There is proof that BMPR2 is closely linked to miRNAs in the pathological alterations associated with PAH. A decline in BMPR-2 signaling in patients with hereditary PAH (HPAH) was shown to cause a decrease in miR-27 in ECs and an increase in translationally controlled tumor protein (TCTP) expression, resulting in EC resistance to apoptosis in patients with HPAH (184). In IPAH patients and animal models of PAH, the BMPR2 protein may be decreased even when the gene is normally expressed, indicating that the inhibition of BMPR2 transcription by miRNAs plays an important role in the pathogenesis of PAH. The depletion of miR-20a could restore BMPR2 signaling and attenuate the development of hypoxic PAH (185). IPAH patients with BMPR2 mutations have significantly more exosomes released from blood outgrowth ECs (BOECs) and contain more TCTP, which is transferred to pulmonary arterial smooth muscle cells (PASMCs), decreases caspase-3 activity and contributes to cell resistance to apoptosis (186). TCTP has potential value for diagnosing or assessing the severity of PAH. Zhang et al. (187) showed that exosomal miR-191 released from adipose-derived mesenchymal stem cells (ASCs) regulated the proliferation of pulmonary artery endothelial cells (PAECs) in vitro, and higher miR-191 levels were associated with faster PAEC proliferation and vice versa. In addition, miR-191 overexpression has been shown to be associated with PAH (188). MiR-191 antagonists reduced right ventricular systolic pressure (RVSP), increased BMPR2 levels in MCT-PAH rats and relieved PAH. The miR-191 inhibitor may have potential therapeutic value by preventing BMPR2 degradation to improve PAH. Zhang et al. (189) treated MCT-induced PAH mice with of MSC-derived exosomes via tail vein injection for 3 weeks and concluded that MSC-derived exosomes significantly reduced RVSP and the right ventricular hypertrophy index and attenuated pulmonary vascular remodeling and pulmonary fibrosis in vivo. In vivo and in vitro experiments confirmed that MSC-derived exosomes could regulate the Wnt5a/BMP signaling pathway in PAECs and PASMCs, including upregulating the expression of Wnt5a, Wnt11, BMPR2, BMP4, and BMP9 and downregulating the expression of β-catenin, cyclin D1, and TGF-β1.

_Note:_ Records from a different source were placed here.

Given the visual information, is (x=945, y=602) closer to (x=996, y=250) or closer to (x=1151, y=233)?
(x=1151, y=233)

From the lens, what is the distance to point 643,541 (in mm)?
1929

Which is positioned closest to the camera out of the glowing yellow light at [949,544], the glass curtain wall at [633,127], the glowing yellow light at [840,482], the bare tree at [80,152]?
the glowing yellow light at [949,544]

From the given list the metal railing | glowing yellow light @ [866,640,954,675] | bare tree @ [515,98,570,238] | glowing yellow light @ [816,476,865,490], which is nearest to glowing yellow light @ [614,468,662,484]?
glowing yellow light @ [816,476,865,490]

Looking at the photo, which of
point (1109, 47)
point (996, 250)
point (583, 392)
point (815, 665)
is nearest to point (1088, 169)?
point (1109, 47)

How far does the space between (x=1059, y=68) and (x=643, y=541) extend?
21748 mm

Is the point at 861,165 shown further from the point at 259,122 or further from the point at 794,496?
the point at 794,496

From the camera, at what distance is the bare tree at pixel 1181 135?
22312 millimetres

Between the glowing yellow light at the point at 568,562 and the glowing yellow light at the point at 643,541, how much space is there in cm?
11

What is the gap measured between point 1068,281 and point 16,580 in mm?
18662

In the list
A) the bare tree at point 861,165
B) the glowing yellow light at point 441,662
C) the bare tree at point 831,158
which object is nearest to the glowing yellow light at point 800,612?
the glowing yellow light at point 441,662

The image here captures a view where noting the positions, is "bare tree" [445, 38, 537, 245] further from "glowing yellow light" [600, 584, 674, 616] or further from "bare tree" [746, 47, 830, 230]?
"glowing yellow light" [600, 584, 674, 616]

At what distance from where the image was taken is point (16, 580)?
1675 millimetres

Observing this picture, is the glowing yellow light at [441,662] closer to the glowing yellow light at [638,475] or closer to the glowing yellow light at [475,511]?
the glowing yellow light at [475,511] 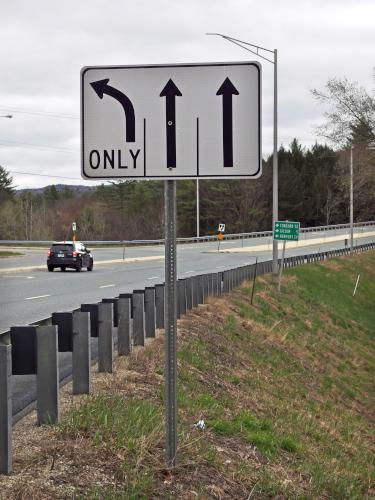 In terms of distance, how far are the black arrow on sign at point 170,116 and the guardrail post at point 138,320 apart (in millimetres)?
6131

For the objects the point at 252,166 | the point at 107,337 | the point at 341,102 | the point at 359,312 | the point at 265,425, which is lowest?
the point at 359,312

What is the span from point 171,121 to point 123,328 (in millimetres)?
5432

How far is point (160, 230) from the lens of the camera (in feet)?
321

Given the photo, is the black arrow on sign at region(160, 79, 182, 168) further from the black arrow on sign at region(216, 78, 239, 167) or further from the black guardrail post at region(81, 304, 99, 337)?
the black guardrail post at region(81, 304, 99, 337)

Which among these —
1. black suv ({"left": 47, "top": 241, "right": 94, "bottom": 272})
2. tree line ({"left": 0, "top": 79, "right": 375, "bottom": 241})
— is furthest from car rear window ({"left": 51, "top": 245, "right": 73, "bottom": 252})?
tree line ({"left": 0, "top": 79, "right": 375, "bottom": 241})

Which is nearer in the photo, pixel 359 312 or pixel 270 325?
pixel 270 325

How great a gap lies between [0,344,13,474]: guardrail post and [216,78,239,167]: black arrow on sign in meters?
1.91

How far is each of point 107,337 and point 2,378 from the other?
3533mm

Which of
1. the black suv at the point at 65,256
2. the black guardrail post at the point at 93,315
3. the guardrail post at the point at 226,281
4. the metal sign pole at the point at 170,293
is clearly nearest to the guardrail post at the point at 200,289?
the guardrail post at the point at 226,281

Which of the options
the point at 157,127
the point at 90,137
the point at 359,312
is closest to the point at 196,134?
the point at 157,127

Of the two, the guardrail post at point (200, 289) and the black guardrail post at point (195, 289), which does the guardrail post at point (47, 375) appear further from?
the guardrail post at point (200, 289)

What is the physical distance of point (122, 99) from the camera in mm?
4891

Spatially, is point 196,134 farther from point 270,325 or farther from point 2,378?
point 270,325

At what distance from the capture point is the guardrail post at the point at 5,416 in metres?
5.12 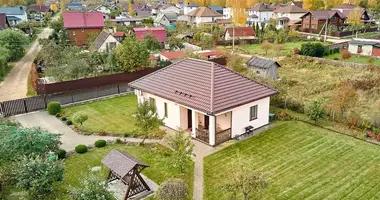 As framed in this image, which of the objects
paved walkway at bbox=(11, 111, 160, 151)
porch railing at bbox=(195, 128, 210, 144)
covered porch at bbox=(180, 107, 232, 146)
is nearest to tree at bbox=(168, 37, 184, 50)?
paved walkway at bbox=(11, 111, 160, 151)

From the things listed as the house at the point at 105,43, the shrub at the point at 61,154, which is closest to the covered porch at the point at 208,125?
the shrub at the point at 61,154

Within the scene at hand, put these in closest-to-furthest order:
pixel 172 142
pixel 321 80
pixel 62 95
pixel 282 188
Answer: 1. pixel 282 188
2. pixel 172 142
3. pixel 62 95
4. pixel 321 80

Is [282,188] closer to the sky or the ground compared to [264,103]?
closer to the ground

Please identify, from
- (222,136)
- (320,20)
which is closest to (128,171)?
(222,136)

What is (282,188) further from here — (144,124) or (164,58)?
(164,58)

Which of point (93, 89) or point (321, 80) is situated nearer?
point (93, 89)

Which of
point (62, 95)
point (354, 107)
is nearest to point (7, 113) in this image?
point (62, 95)

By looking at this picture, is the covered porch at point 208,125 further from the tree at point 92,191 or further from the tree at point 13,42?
the tree at point 13,42
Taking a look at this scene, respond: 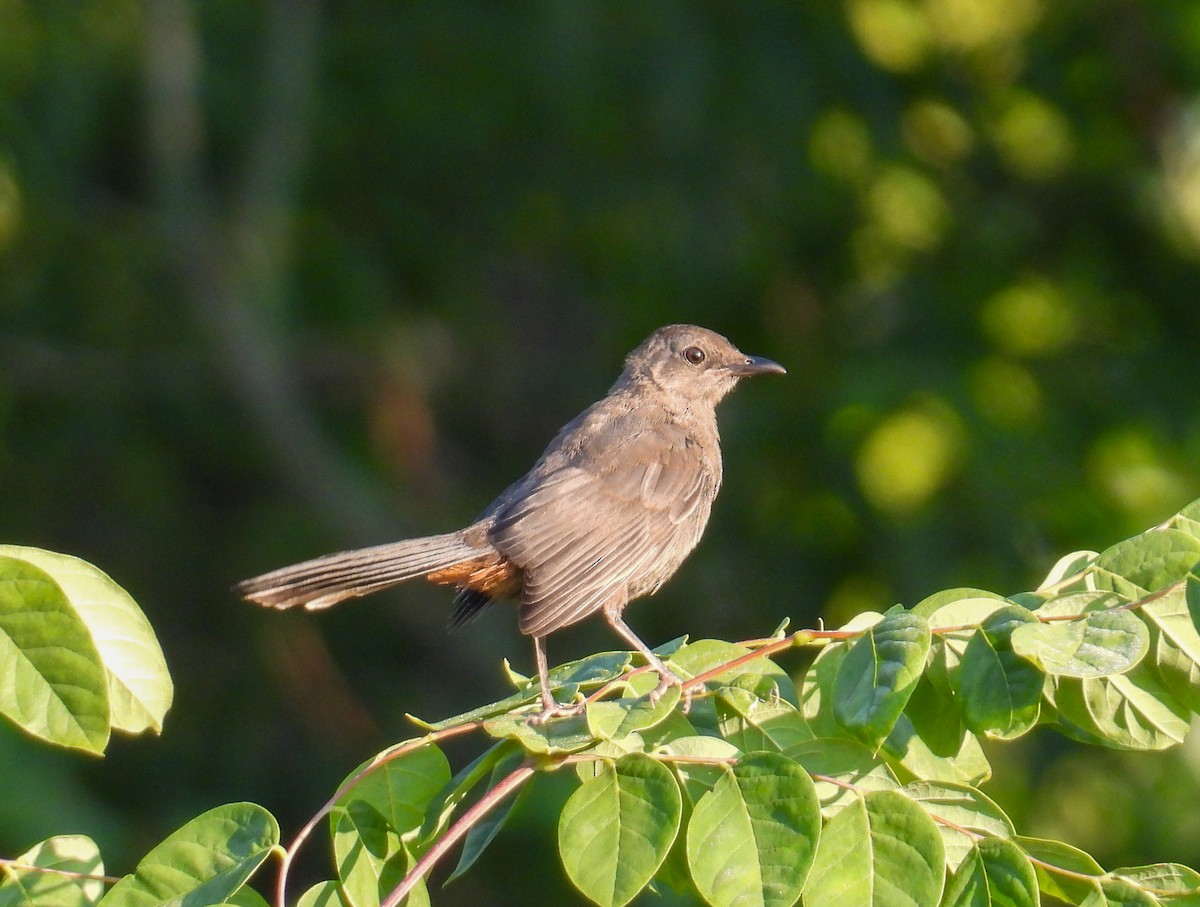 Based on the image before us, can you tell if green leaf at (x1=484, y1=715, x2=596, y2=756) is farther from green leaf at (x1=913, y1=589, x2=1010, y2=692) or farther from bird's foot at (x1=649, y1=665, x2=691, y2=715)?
green leaf at (x1=913, y1=589, x2=1010, y2=692)

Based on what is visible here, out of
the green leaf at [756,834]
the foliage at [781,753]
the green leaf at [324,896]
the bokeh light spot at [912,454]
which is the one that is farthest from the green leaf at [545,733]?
the bokeh light spot at [912,454]

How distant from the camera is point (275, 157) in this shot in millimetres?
10195

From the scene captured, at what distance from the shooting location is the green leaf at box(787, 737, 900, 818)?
243 centimetres

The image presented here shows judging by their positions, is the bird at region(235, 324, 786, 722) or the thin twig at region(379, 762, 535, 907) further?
the bird at region(235, 324, 786, 722)

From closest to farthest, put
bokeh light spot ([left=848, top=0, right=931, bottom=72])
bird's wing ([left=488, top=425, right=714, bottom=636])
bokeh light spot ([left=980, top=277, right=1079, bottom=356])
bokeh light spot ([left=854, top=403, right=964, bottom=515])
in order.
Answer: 1. bird's wing ([left=488, top=425, right=714, bottom=636])
2. bokeh light spot ([left=854, top=403, right=964, bottom=515])
3. bokeh light spot ([left=980, top=277, right=1079, bottom=356])
4. bokeh light spot ([left=848, top=0, right=931, bottom=72])

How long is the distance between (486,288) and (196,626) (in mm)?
3403

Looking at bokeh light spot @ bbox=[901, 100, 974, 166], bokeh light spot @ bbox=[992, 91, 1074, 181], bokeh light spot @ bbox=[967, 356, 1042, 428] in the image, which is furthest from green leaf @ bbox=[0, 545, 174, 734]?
bokeh light spot @ bbox=[992, 91, 1074, 181]

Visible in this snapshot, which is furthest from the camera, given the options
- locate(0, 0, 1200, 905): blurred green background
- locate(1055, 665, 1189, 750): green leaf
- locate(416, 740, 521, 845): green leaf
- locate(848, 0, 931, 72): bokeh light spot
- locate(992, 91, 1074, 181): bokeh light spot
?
locate(992, 91, 1074, 181): bokeh light spot

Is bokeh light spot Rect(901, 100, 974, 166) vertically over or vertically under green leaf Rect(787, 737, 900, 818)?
over

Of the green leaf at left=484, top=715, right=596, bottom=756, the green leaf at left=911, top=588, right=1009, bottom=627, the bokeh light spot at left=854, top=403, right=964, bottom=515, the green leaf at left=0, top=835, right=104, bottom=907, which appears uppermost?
the green leaf at left=911, top=588, right=1009, bottom=627

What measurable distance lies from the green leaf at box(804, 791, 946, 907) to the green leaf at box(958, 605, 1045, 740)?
7.7 inches

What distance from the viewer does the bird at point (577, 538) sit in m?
3.71

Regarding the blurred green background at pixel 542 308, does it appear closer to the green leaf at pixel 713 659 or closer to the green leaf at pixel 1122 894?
A: the green leaf at pixel 713 659

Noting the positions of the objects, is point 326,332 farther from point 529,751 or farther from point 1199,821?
point 529,751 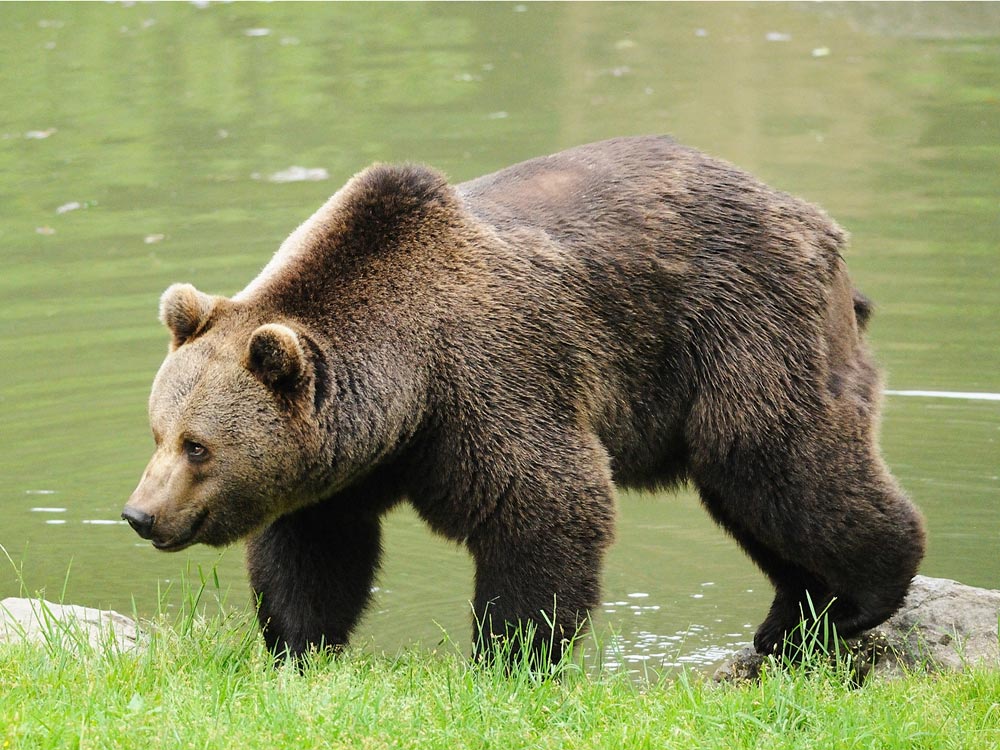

Exosomes and cancer-like metabolism

In PAH and cancer, mitochondrial metabolism and redox signaling are reversibly disordered, creating a pseudohypoxic redox state characterized by normoxic decreases in ROS, a shift from oxidative to glycolytic metabolism, and hypoxia-inducible factor-1α (HIF-1α) activation (190, 191), which lead to sustained ATP production, uncontrolled cell growth and cellular resistance to apoptosis (192–194). Kumar et al. (195) showed that AFs obtained from humans with PAH and calves with hypoxia-induced PAH secreted exosomes containing complement C3, which mediated BMDM activation toward a proinflammatory and metabolically altered phenotype in vitro, and the latter was characterized by increased aerobic glycolysis and the accumulation of succinic acid. Mitochondrial dysfunction in PAH might cause alterations in circulating exosomes, i.e., low expression of the proliferator-activated receptors gamma-coactivator 1-alpha and sirtuin 1 in exosomes, and circulating exosomes affect on other organs, such as the brain (196). Researchers observed upregulated expression of manganese SOD, downregulated expression of HIF-1α and the preservation of antioxidant enzyme expression in the brain, explaining the potential role of exosomes in PAH and antioxidant defense mechanisms in protecting cells from disease progression (196, 197). As hypoxia exposure increases, sirtuin 4 (SIRT4) gene expression also increases, and Hogan et al. (198) showed that the administration of MSC-secreted exosomes to PASMCs inhibited SIRT4 and pyruvate dehydrogenase kinase 4 (PDK4) expression, upregulated pyruvate dehydrogenase (PDH) and glutamate dehydrogenase 1 (GLUD1) expression levels, allowed glutamine and pyruvate to enter the TCA cycle and improved mitochondrial dysfunction associated with PAH. Other studies have also suggested that some exosomes may contain mitochondrial material (38, 199), but their association with PAH-related cancer-like metabolism remains to be further investigated.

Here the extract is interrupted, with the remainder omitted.